[Start of Attachment]
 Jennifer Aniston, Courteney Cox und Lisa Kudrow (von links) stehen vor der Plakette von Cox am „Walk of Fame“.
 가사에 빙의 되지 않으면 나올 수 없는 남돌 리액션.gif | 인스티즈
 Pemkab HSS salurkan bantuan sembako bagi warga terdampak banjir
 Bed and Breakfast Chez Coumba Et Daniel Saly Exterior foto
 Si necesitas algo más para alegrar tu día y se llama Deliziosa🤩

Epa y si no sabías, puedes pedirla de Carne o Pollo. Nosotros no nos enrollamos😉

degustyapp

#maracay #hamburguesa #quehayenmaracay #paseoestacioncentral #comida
[End of Attachment]
[Start of Attachment]
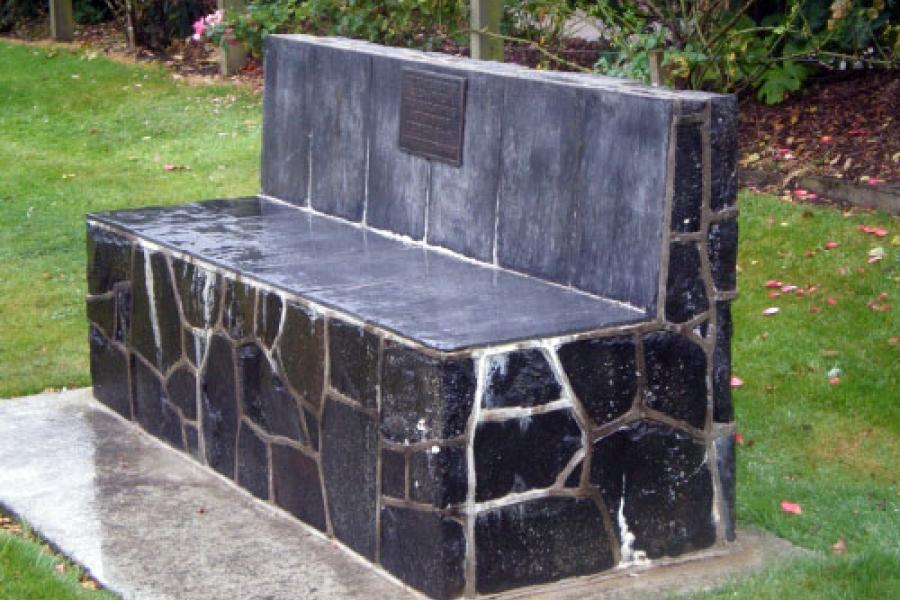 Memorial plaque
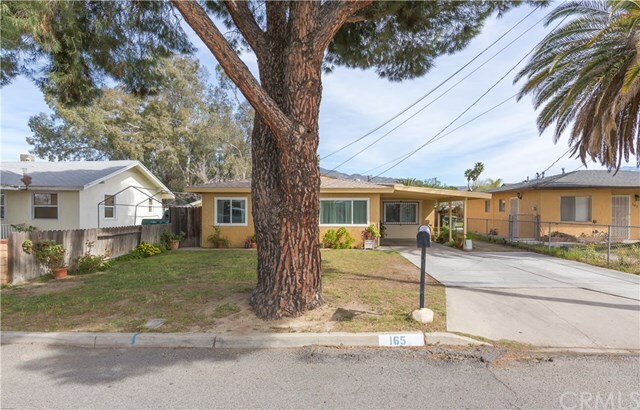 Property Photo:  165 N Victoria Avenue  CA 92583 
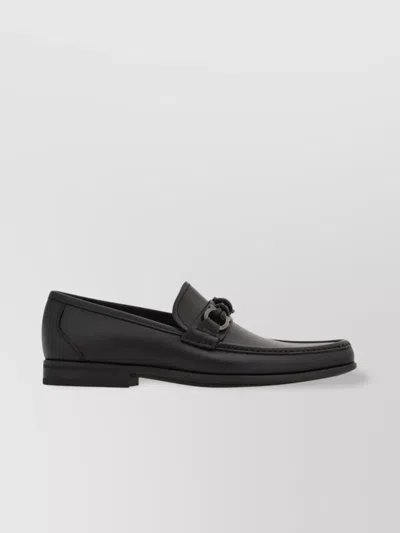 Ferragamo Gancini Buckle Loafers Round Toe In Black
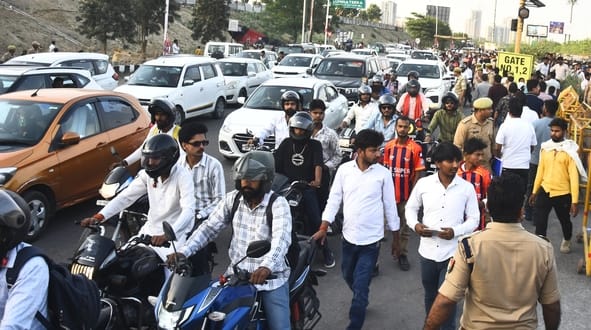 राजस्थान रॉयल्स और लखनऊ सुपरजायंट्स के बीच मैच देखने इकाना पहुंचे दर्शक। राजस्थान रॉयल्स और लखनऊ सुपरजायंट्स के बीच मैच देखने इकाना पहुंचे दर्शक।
[End of Attachment]
→ **TRY IT**
Could you reproduce, exactly, every line above from the line with "Jennifer Aniston, Courteney" to the line with "#maracay #hamburguesa #quehayenmaracay", and no other line? Both ends count.

→ **WRITTEN ANSWER**
 Jennifer Aniston, Courteney Cox und Lisa Kudrow (von links) stehen vor der Plakette von Cox am „Walk of Fame“.
 가사에 빙의 되지 않으면 나올 수 없는 남돌 리액션.gif | 인스티즈
 Pemkab HSS salurkan bantuan sembako bagi warga terdampak banjir
 Bed and Breakfast Chez Coumba Et Daniel Saly Exterior foto
 Si necesitas algo más para alegrar tu día y se llama Deliziosa🤩

Epa y si no sabías, puedes pedirla de Carne o Pollo. Nosotros no nos enrollamos😉

degustyapp

#maracay #hamburguesa #quehayenmaracay #paseoestacioncentral #comida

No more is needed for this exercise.